Diferentemente de um ano atrás, agora não é mais possível – nem ético – testar imunizantes só em pessoas não vacinadas. E, mesmo que os estudos comecem com jovens não imunizados, cedo ou tarde os voluntários serão chamados pela campanha de vacinação. E acabariam largando as pesquisas.
No Brasil, pesquisas mais adiantadas preveem medir a eficácia das novas vacinas em comparação com imunizantes já existentes no mercado, o que dispensa a exigência de ter não vacinados no teste. No modelo, todos os voluntários recebem vacinas: uma parte toma imunizantes já em uso nos postos de saúde, e a outra parte, doses do produto que se quer testar.
A Butanvac será aplicada em um grupo de voluntários e testada na comparação com outro grupo, que receberá Coronavac. O dilema será: como medir a eficácia da Butanvac? Para o Butantan, o imunizante poderia já ser usado na população após análise da resposta imune produzida no grupo que tomou Butanvac, na comparação com o grupo da Coronavac.
“Neste momento, nenhum estudo de vacina que pretenda ser rápido pode fazer uso do clássico tipo fase 3 com grupo controle e grupo placebo”, disse ao Estadão o diretor do Butantan, Dimas Covas. Para ele, a eficácia pode ser estimada pela “comparação da resposta imune” produzida pelas vacinas.
“Temos a resposta imune contra a Coronavac. Sabemos o perfil e os resultados dos estudos de eficácia, eficiência. Se aplica uma vacina e tem a mesma resposta imune ou superior, obviamente o que se segue a isso deve ser superior: eficácia, eficiência, e assim por diante.”

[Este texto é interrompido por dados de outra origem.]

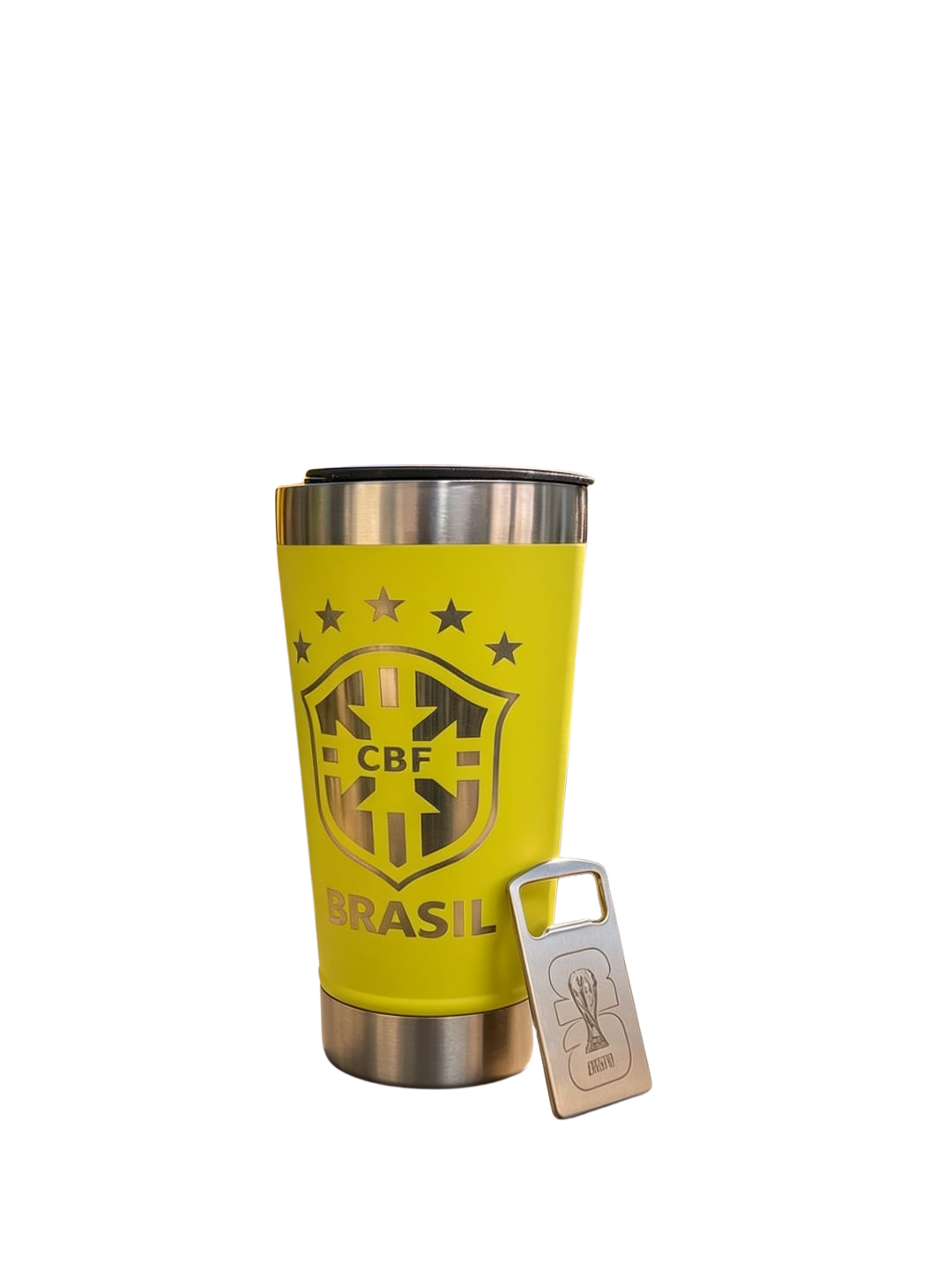 Copo personalizado do Brasil para a Copa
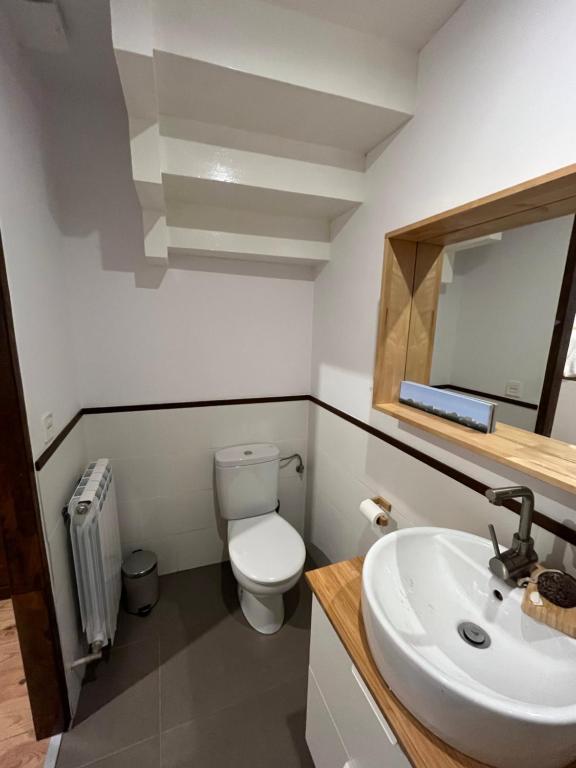 Koupelna v ubytování Casa Regacens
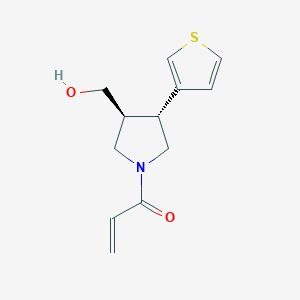 1-[(3S,4R)-3-(hydroxymethyl)-4-(thiophen-3-yl)pyrrolidin-1-yl]prop-2-en-1-one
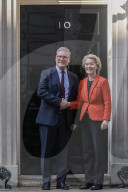 Kier Starmer Ursula von der Leyen, to No10
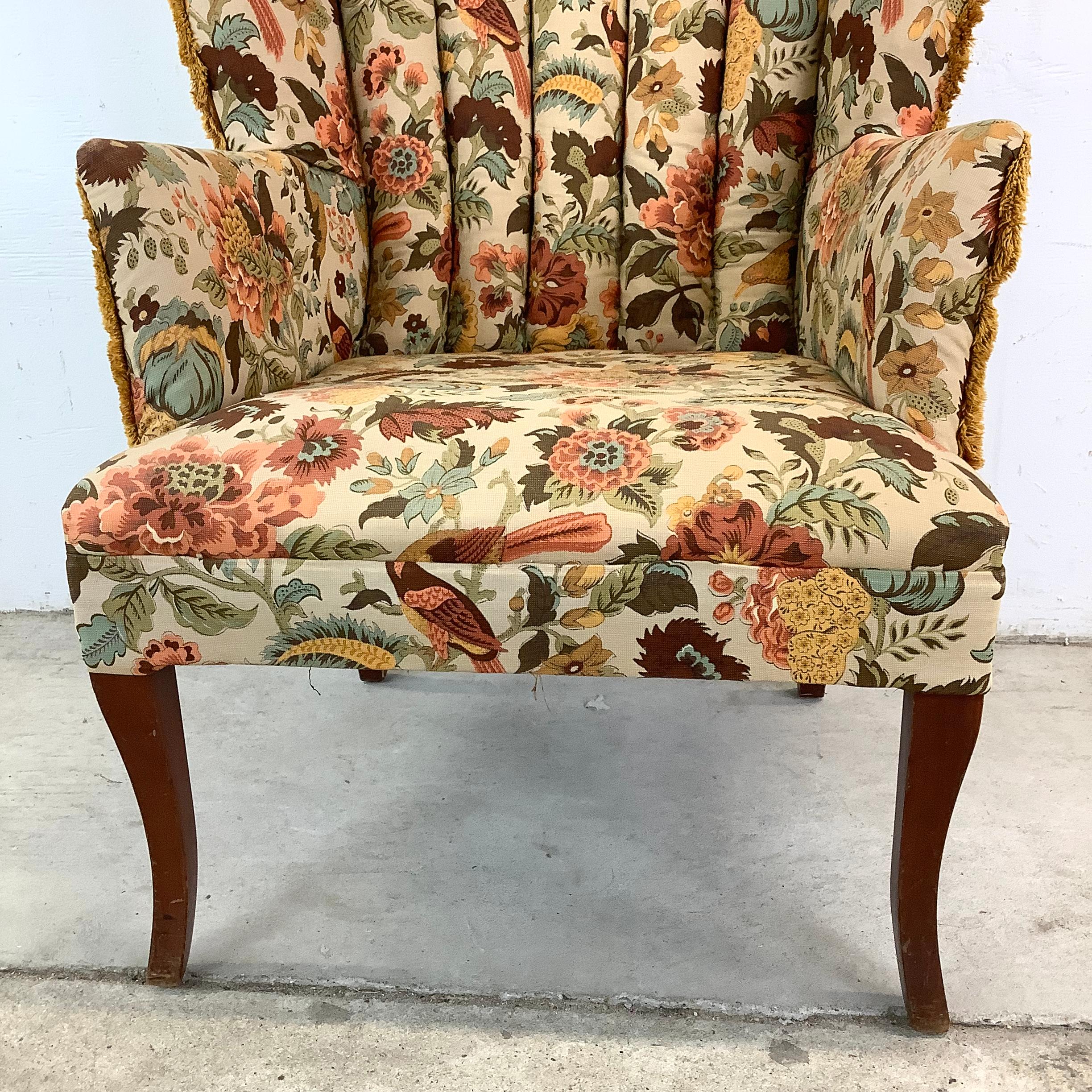 Vintage Barrel Back Arm Chair For Sale 7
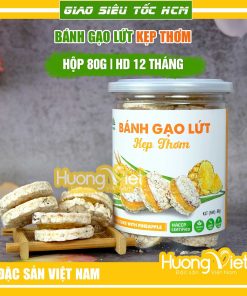 Bánh gạo lức kẹp nhân cam 80g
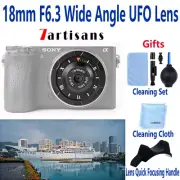7artisans 18mm F6.3 Wide Angle Lens for FUJIFILM X Canon EOS Sony E M4/3 Camera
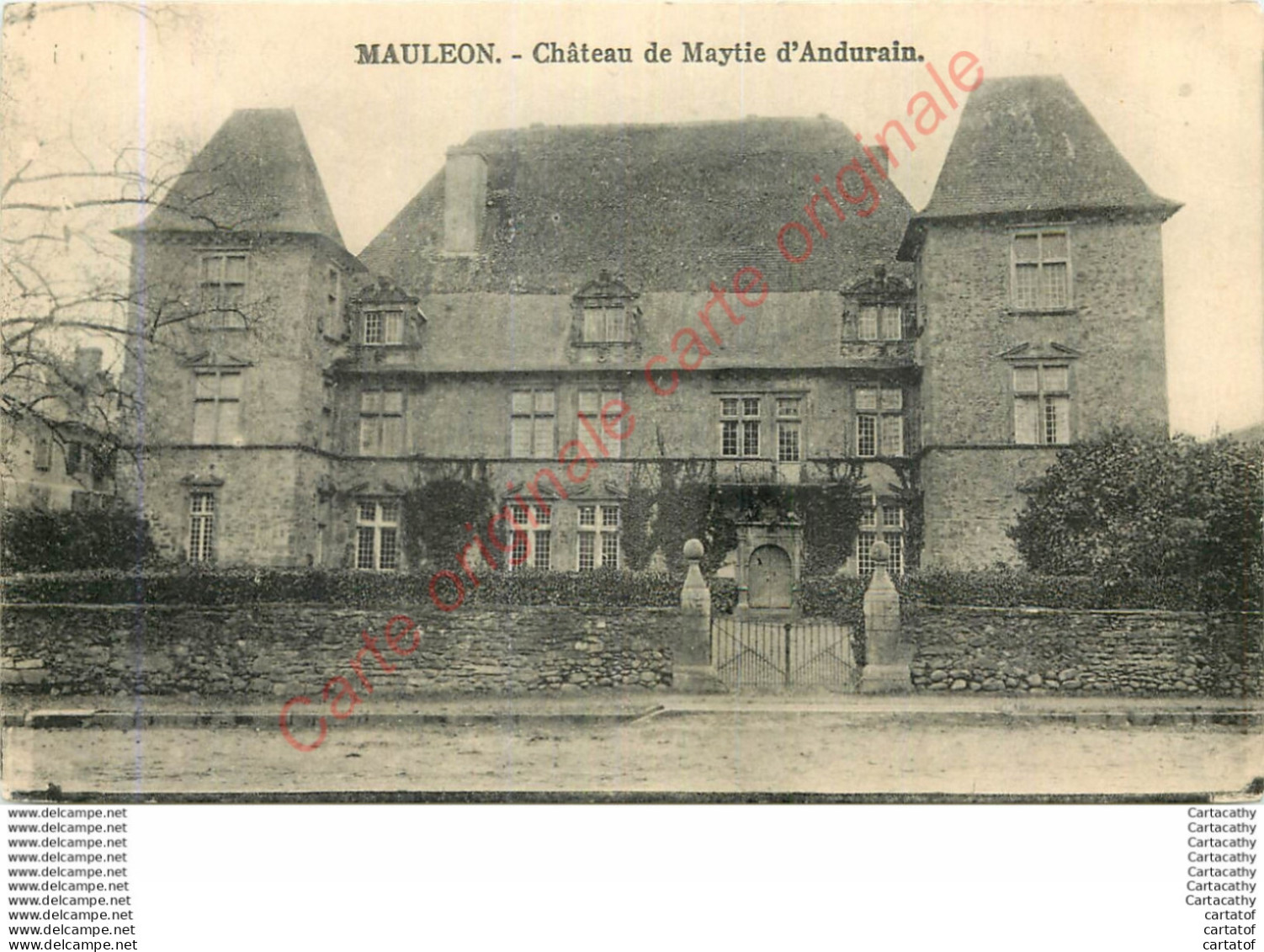 64.  MAULEON .  Château De Maytie D'Andurain . - Mauleon Licharre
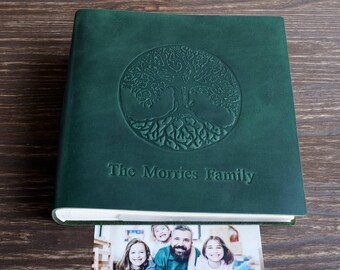 Álbum de fotos personalizado con bolsillos, álbum de fotos familiar, regalo de San Valentín, Día de la Madre, regalo para ella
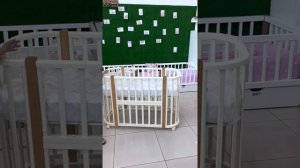 Овальная детская кроватка Санторини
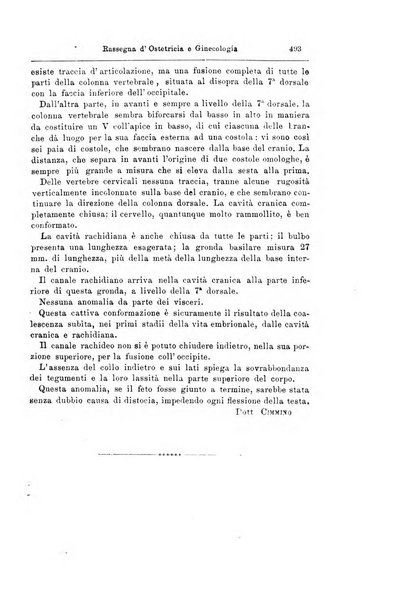 La rassegna d'ostetricia e ginecologia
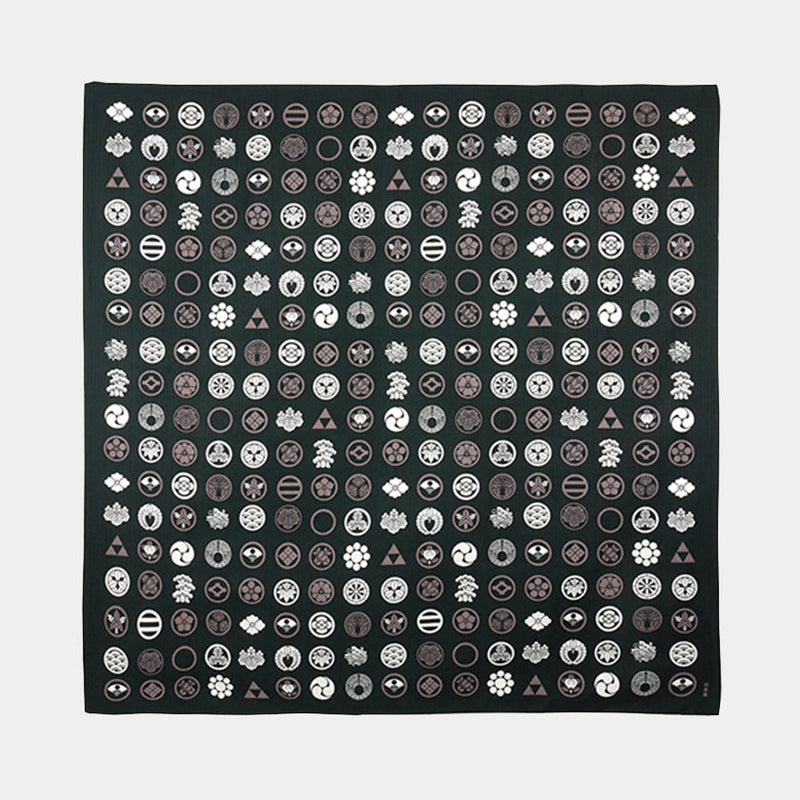 [Furoshiki/Square Cloth] VARIOUS Patterns (BLACK) | Yokohama Dyeing | HAMAMONYO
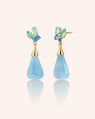 Special Edition Blue Lagoon Aqua Drop Earrings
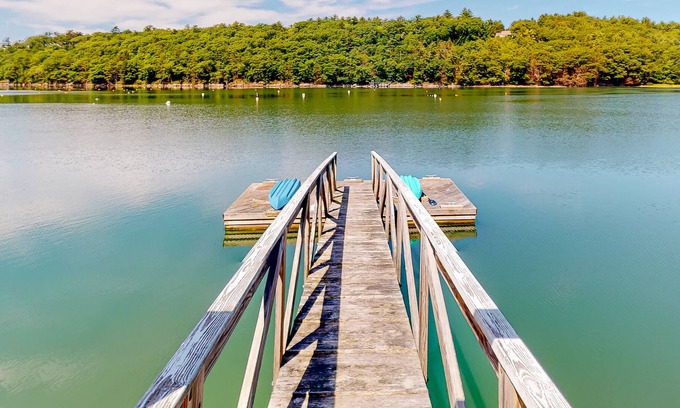 Edgecomb House | Elegant waterfront home with deep-water dock, gorgeous view & lovely deck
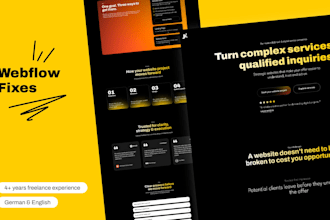 fix bugs and responsive issues on your webflow website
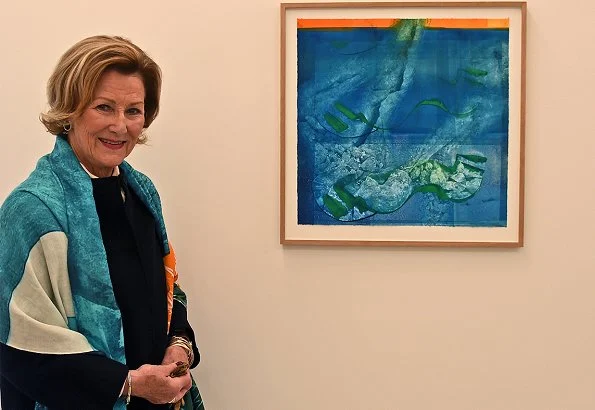 Queen Sonja and Magne Furuholmen opened "Texture" exhibition at Galerie MøllerWitt in Aarhus, Denmark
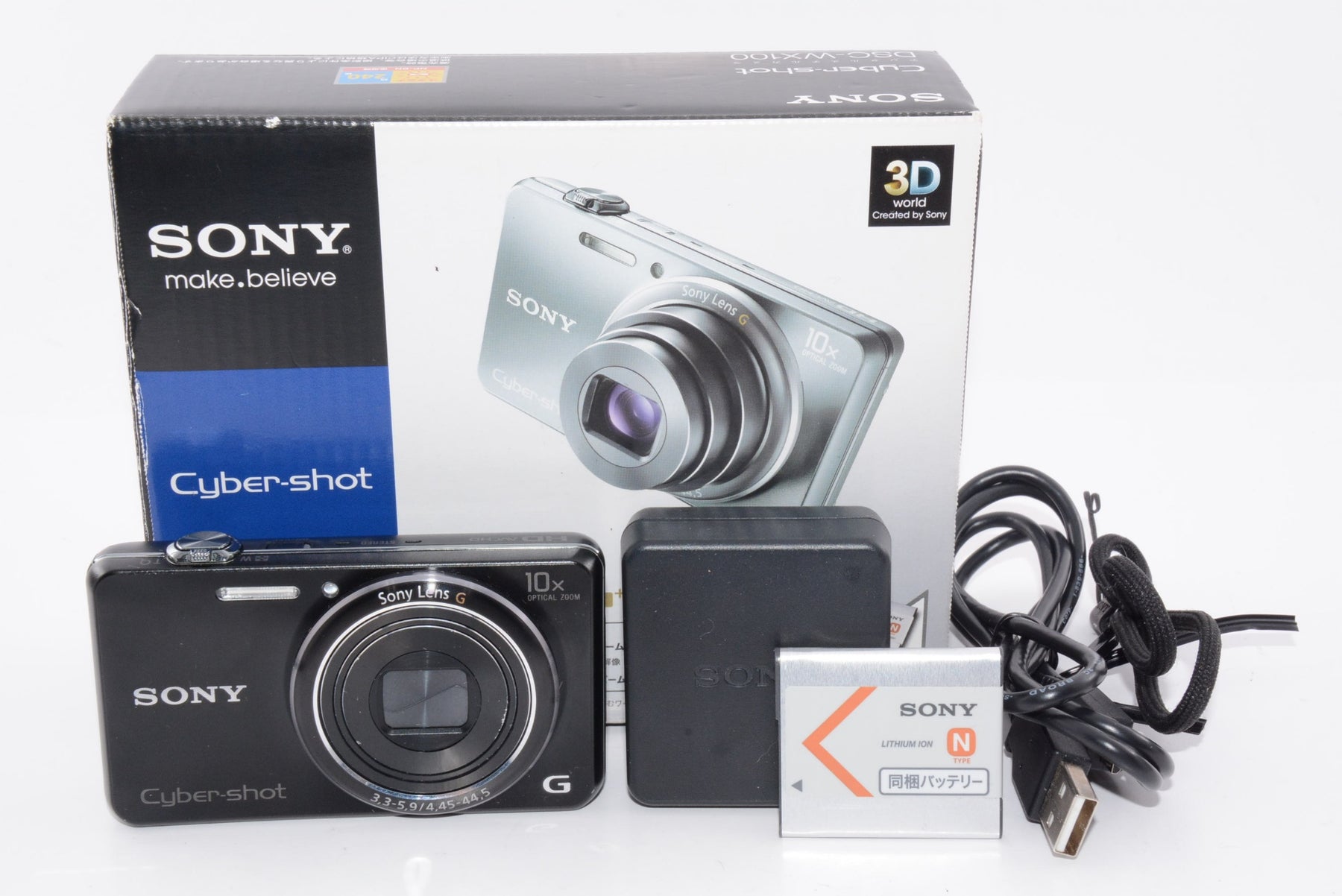 【外観並級】ソニー SONY Cyber-shot WX100 (1820万/光学x10) ブラック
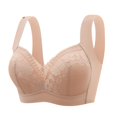 thumbnail image 1 of Timegard Bras for Women Wireless Flower Lace Full Coverage Comfortable Everyday Bras with High Support, 1 of 7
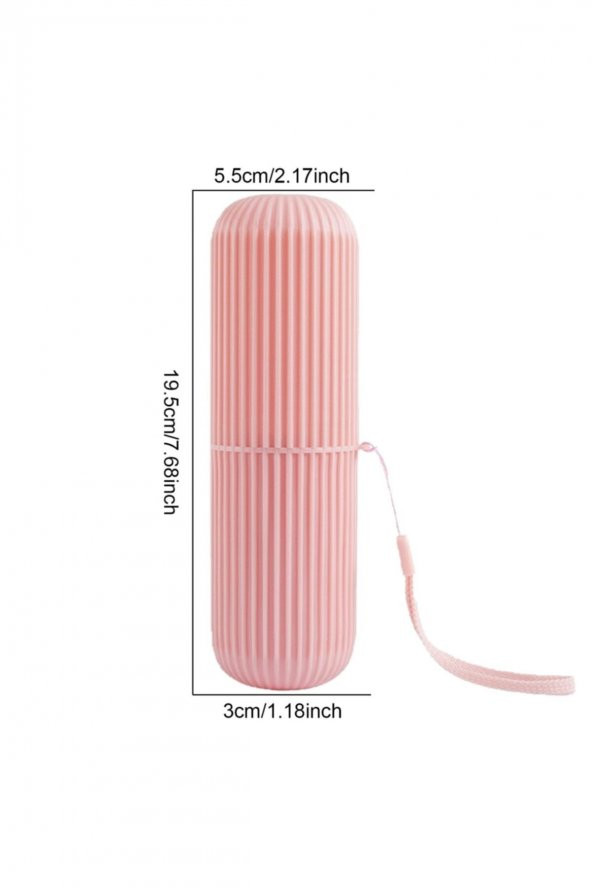 Çok Amaçlı Seyahat Tipi Diş Fırçası Kabı Makyaj Saklama Kutusu - 3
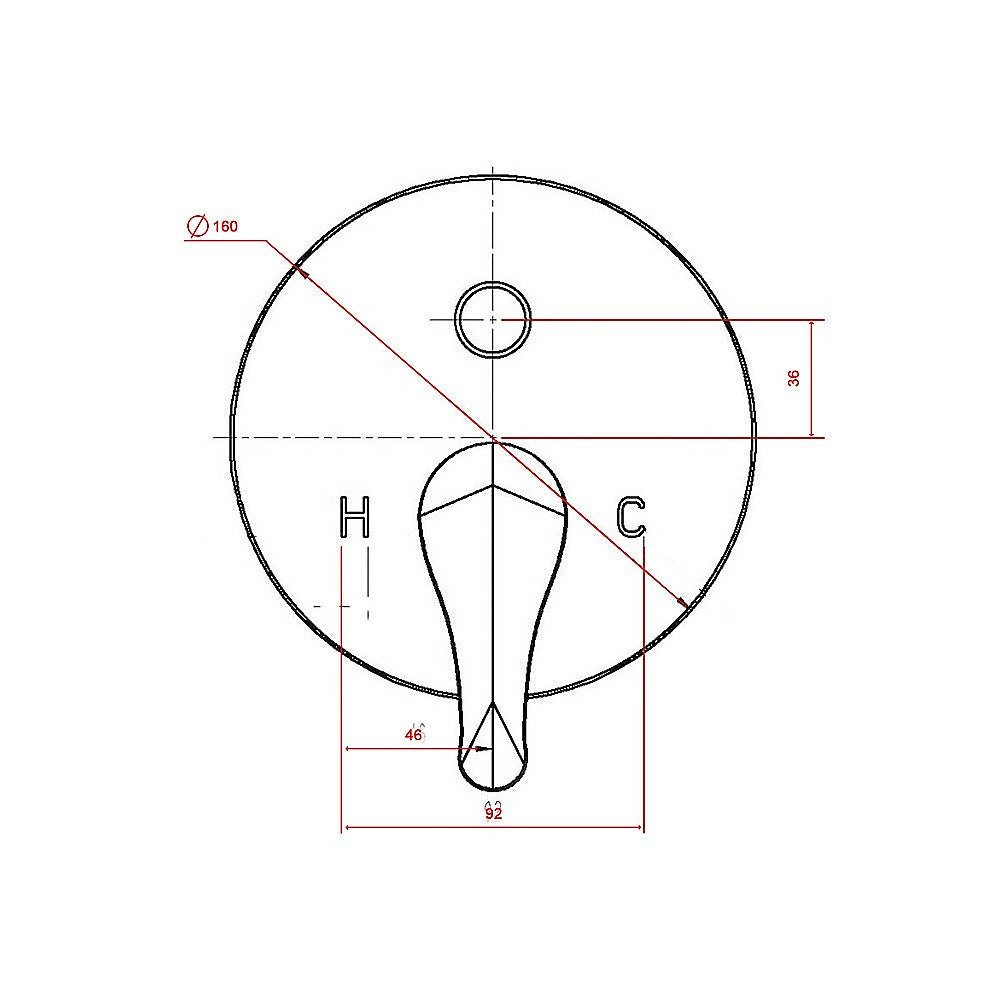 Chrome Bathroom Shower Wall Mixer Diverter w/ WaterMark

O Estadão questionou a Anvisa sobre a possibilidade de que pesquisas com vacinas brasileiras possam excluir a análise de infectados ou hospitalizados (fase 3 clássica) e considerar como desfecho só a resposta imune. A Anvisa diz que, para isso, seria preciso definir um anticorpo “padrão ouro” obtido pelas vacinas da covid comprovadamente eficazes. O novo produto, então, seria analisado quanto à possibilidade de gerar este mesmo anticorpo no organismo de quem recebeu a injeção.
Mas, segundo a Anvisa, há discussões internacionais sobre como definir esse “padrão ouro” e ainda “não existe consenso”. Por isso, “neste momento”, diz a agência, mesmo com proposta de comparação entre vacinas, “estudos de fase 3 seriam necessários para verificar o desempenho na prevenção de casos graves e sintomáticos de uma vacina versus outra”. E afirma não ter recebido propostas de estudo com este método.
Na última semana, o Butantan reagiu a uma nova exigência da Anvisa de teste adicional para iniciar o estudo da Butanvac em humanos. Para Covas, há “preciosismo” da agência.
A medida de eficácia com base na análise de quantas pessoas adoeceram ou não deve fazer com que os testes das vacinas brasileiras demorem muito mais tempo do que os estudos feitos até agora e demandem muito mais voluntários.
Isso porque, no estudo comparativo, em que ambos os grupos tomam vacinas, o aparecimento de infecções ou hospitalizações tende a ser mais raro. Os testes com as vacinas anticovid que conhecemos hoje andaram rapidamente, entre outros motivos, porque havia alta circulação do vírus e boa parte da população estava desprotegida.
“Temo que vai ser mais lento do que as fases 3 que vimos até agora, com a pandemia em pleno gás”, diz o virologista Flávio da Fonseca. Ele coordena as pesquisas da Spintec, vacina anticovid desenvolvida pela UFMG.
Uma das mais adiantadas, a Spintec também deve ser testada de forma comparativa com outros imunizantes, considerando justamente a previsão de que todos os brasileiros adultos estarão vacinados até o fim do ano. Os testes de fase 3 da Spintec ainda estão sendo desenhados, mas Fonseca prevê que a Anvisa exigirá resultados sobre infecções e hospitalizações. E, nesse caso, a pesquisa pode levar até um ano e meio para chegar ao limite mínimo de infectados.